**** Records to use ****

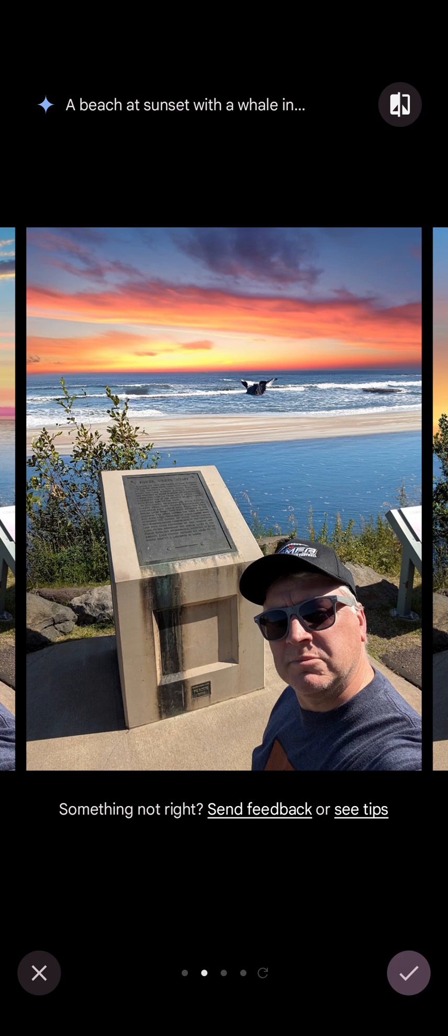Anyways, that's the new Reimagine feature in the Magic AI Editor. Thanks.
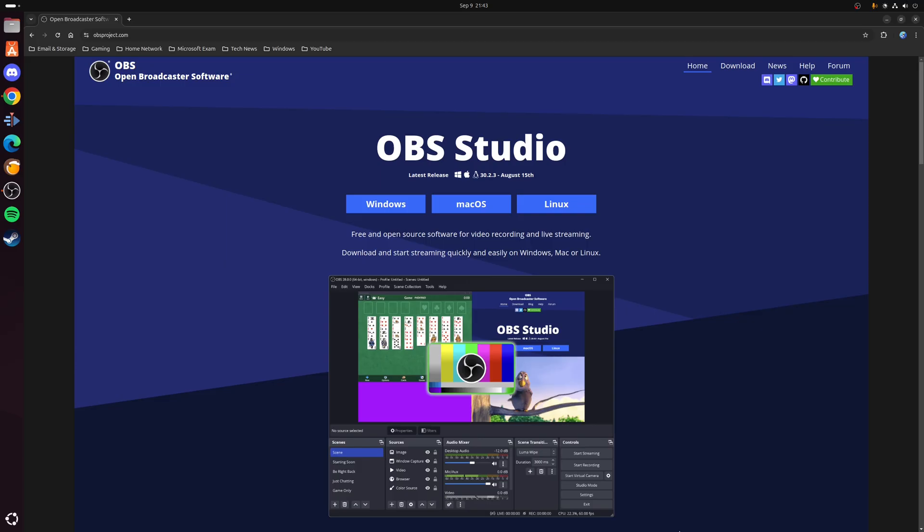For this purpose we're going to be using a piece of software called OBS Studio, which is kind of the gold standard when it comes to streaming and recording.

****
**** Records to use ****

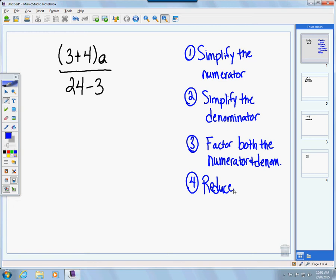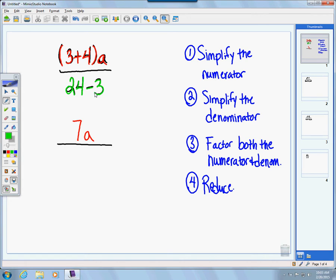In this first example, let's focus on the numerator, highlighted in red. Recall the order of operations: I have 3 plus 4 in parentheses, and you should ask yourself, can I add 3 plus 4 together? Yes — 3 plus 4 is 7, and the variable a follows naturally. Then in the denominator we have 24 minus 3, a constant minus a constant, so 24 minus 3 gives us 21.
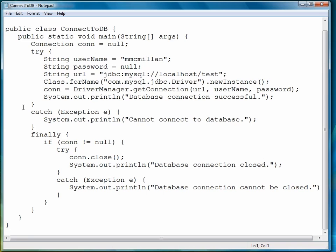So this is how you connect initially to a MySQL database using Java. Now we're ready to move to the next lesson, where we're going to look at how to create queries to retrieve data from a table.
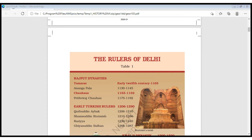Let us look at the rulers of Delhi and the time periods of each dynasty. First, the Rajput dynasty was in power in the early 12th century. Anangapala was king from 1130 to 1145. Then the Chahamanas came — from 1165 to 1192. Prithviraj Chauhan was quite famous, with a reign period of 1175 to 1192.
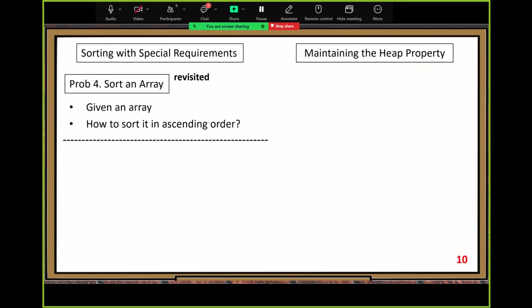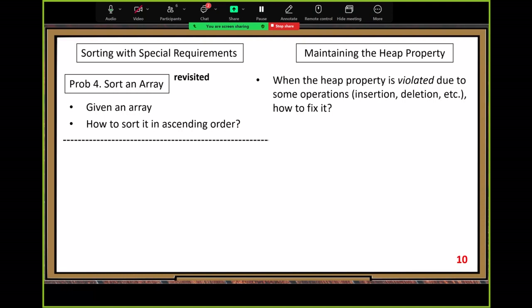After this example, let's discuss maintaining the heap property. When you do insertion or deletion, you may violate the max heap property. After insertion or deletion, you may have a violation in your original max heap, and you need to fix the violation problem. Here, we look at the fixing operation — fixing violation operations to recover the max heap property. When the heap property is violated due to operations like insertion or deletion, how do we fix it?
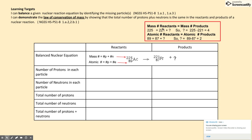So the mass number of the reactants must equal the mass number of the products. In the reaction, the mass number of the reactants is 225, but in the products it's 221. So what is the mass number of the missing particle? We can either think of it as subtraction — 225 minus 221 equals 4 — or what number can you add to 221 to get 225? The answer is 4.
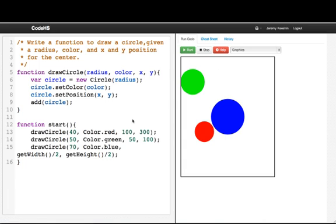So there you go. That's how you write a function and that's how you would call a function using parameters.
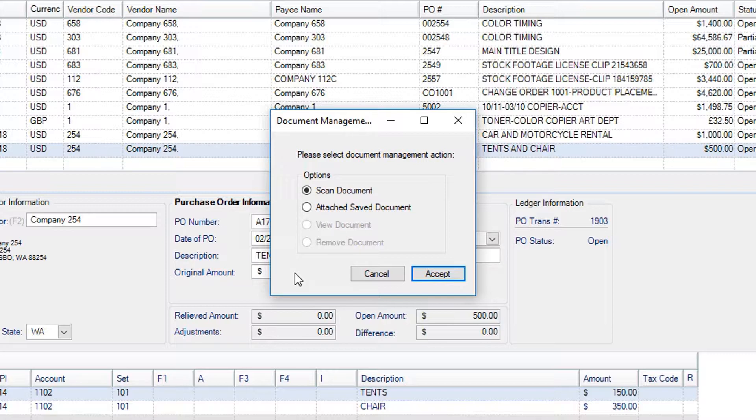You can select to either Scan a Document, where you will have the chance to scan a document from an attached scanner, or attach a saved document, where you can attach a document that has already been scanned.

****

The task: Set down again, word for word, every line from the one with "Anyways, that's the" to the one with "For this purpose" in the entries above, and omit the pictures.

Exercise solution:
Anyways, that's the new Reimagine feature in the Magic AI Editor. Thanks.
For this purpose we're going to be using a piece of software called OBS Studio, which is kind of the gold standard when it comes to streaming and recording.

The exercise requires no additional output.